Craigie first argues that the arbitration panel erred in not allowing material evidence to be introduced by Craigie. Specifically, Craigie sought to present evidence of respondent Legg Mason’s legal positions and arguments in other arbitration proceedings, as well as arbitration decisions in other cases not involving Legg Mason. Craigie argues that evidence of Legg Mason’s positions and arguments in other cases would have shown the arbitrators that it, Legg Mason, did not really believe in the positions and arguments it was setting forth here. In addition, evidence of other arbitration proceedings would, according to Craigie, establish the custom in the industry regarding raiding. The arbitration panel rejected these arguments and refused to allow the evidence tendered. The court agrees with the action of the panel.
The other arbitration proceedings involving Legg Mason which Craigie cites as being material to this case are cases in which Legg Mason had accused other investment firms of raiding Legg Mason. According to Craigie, those cases would have shown that Legg Mason knew that what *344it did to Craigie here was raiding, since it complained when others did the same thing to Legg Mason. As the arbitrators correctly concluded, however, the only way to determine whether what Legg Mason’s competitors did to Legg Mason in each of those other cases was the same thing that Legg Mason did to Craigie here would be to have a trial on each of those other cases. Only by so doing could the arbitrators know that all of the facts alleged by Craigie to have taken place here also occurred in the other cases involving Legg Mason. The arbitrators refused to conduct such "mini-trials," and the court believes they were correct in doing so.
Moreover, even if Legg Mason had taken positions in previous cases which are inconsistent with the position it took in this case, such action does not effect the arbitrators’ decision here. The issue before the arbitrators was whether Legg Mason and the other respondents engaged in an unlawful practice called raiding against Craigie, not whether other investment firms engaged in raiding against Legg Mason. This is true whether or not Legg Mason agreed or disagreed that Legg Mason had ever been raided. The decision, after all, was the arbitrators’, not Legg Mason’s. Thus, Legg Mason’s positions and arguments in other cases were simply not relevant or material to the issues before the arbitrators.

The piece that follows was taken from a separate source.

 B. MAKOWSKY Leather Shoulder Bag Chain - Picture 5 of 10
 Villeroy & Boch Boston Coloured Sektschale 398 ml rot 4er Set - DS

Similarly, the decisions of other arbitration panels in other cases not involving Legg Mason are also irrelevant and immaterial as evidence. While such decisions might properly be submitted by way of argument the same way court decisions are cited as precedent, the court is aware of no rule allowing such decisions to be introduced into evidence during arbitration. Again, the arbitration panel did not err by excluding them.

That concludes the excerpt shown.